(Materials provided Opens)
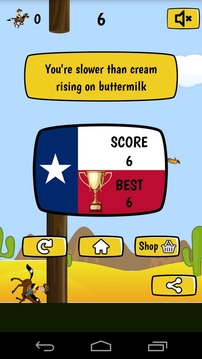 Flappy Texan-HD游戏截图3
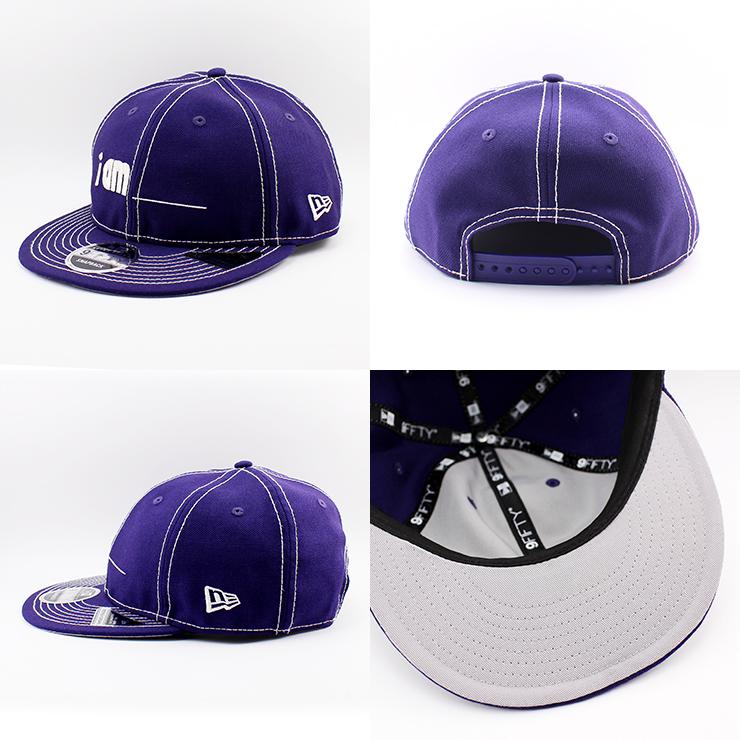 9FIFTY MIYUKI ARIHARA ニューエラ キャップ RC9FIFTY am WOOL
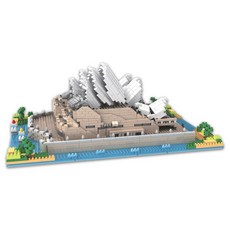 Frendy 大型地標歌劇院奈米積木 SM061, 混合顏色, 1個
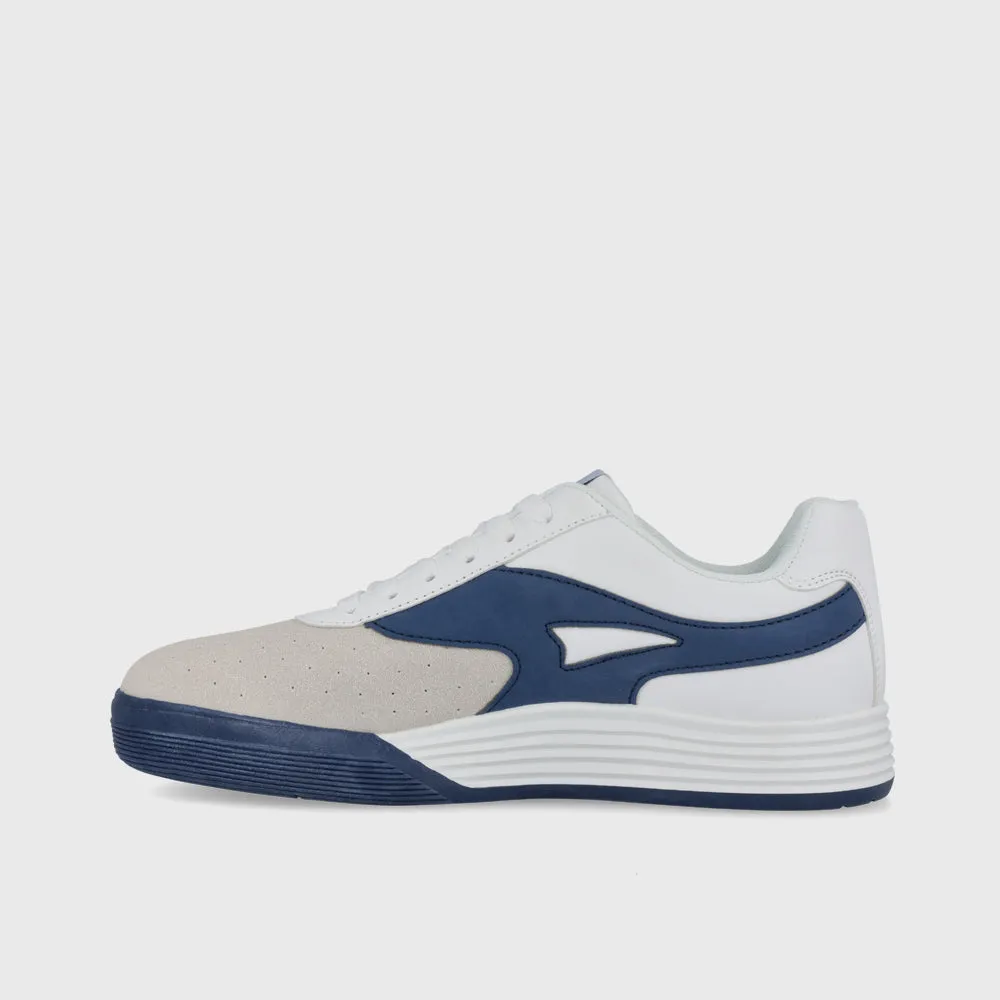Airwalk Mens Kaos Sneaker White/blue _ 182571 _ White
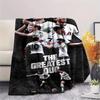 The Spurs Print FlAannel Blanket, High Quality Comfortable for All Seasons, Home Decor, Warmth and Comfort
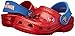 crocs Kids' Classic Spider-Man Clog (Infant/Toddler/Little Kid) Red 6/7 M US Toddler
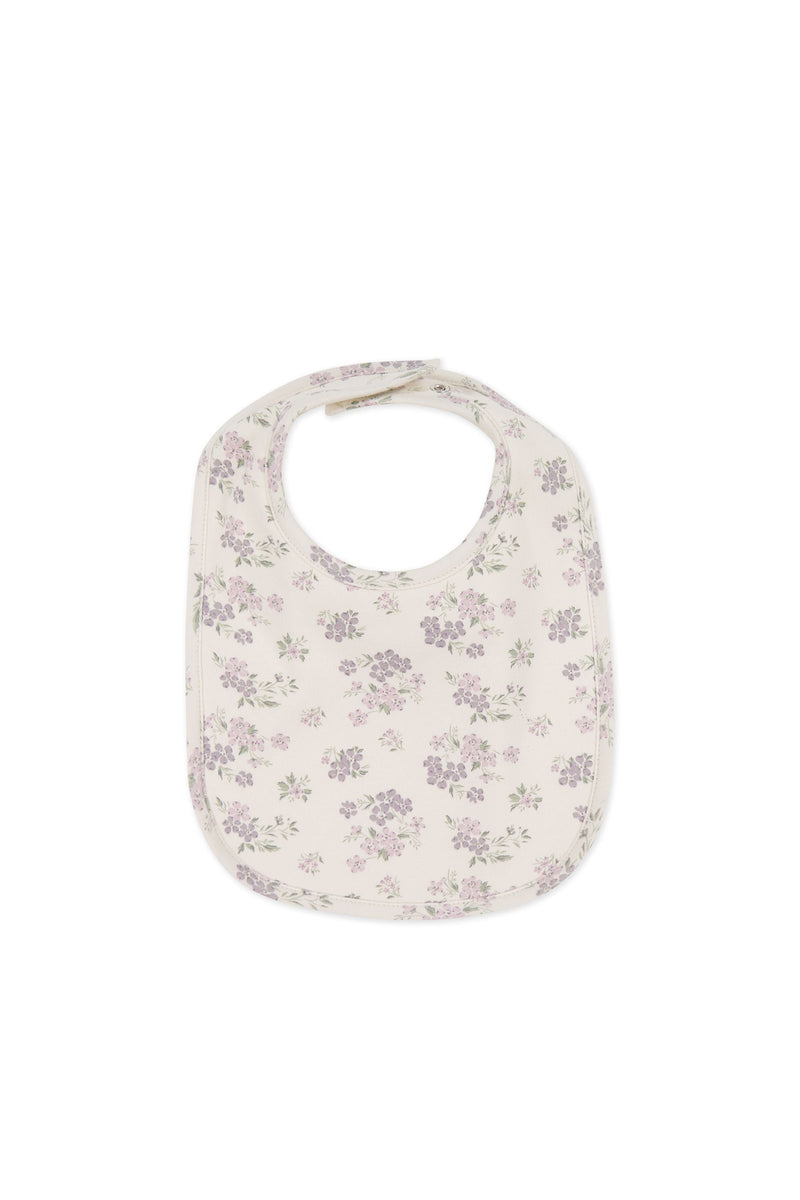 Jamie Kay Organic Cotton Bib Selena Tofu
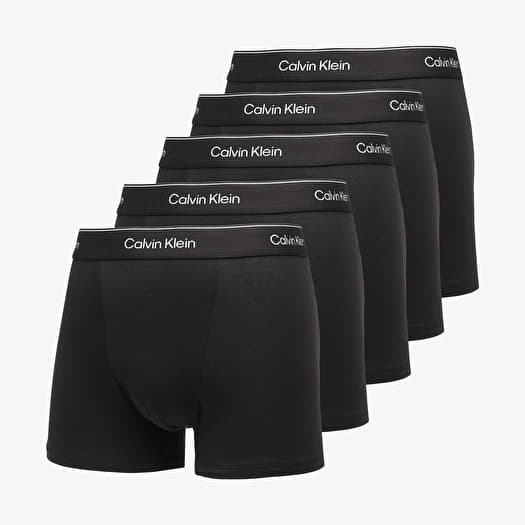 Calvin Klein Relaxed Fit Trunk 5-Pack Black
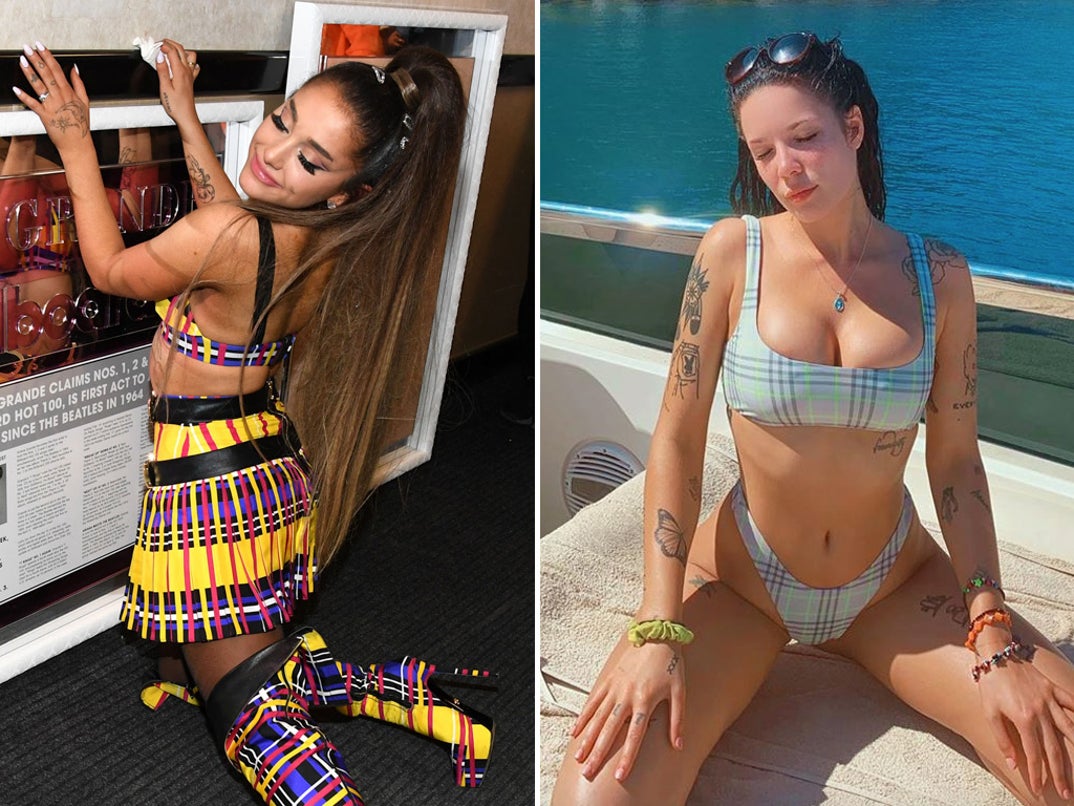 Ariana Grande (26) vs. Halsey (25) -- AMAs Artist Of The Year Edition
(Materials provided Closes)
Work required
Every line from the one containing "Airwalk Mens Kaos" through the final line of the records above is to be written out exactly; nothing else, and no pictures.

Solution to this task
Airwalk Mens Kaos Sneaker White/blue _ 182571 _ White
 The Spurs Print FlAannel Blanket, High Quality Comfortable for All Seasons, Home Decor, Warmth and Comfort
 crocs Kids' Classic Spider-Man Clog (Infant/Toddler/Little Kid) Red 6/7 M US Toddler
 Jamie Kay Organic Cotton Bib Selena Tofu
 Calvin Klein Relaxed Fit Trunk 5-Pack Black
 Ariana Grande (26) vs. Halsey (25) -- AMAs Artist Of The Year Edition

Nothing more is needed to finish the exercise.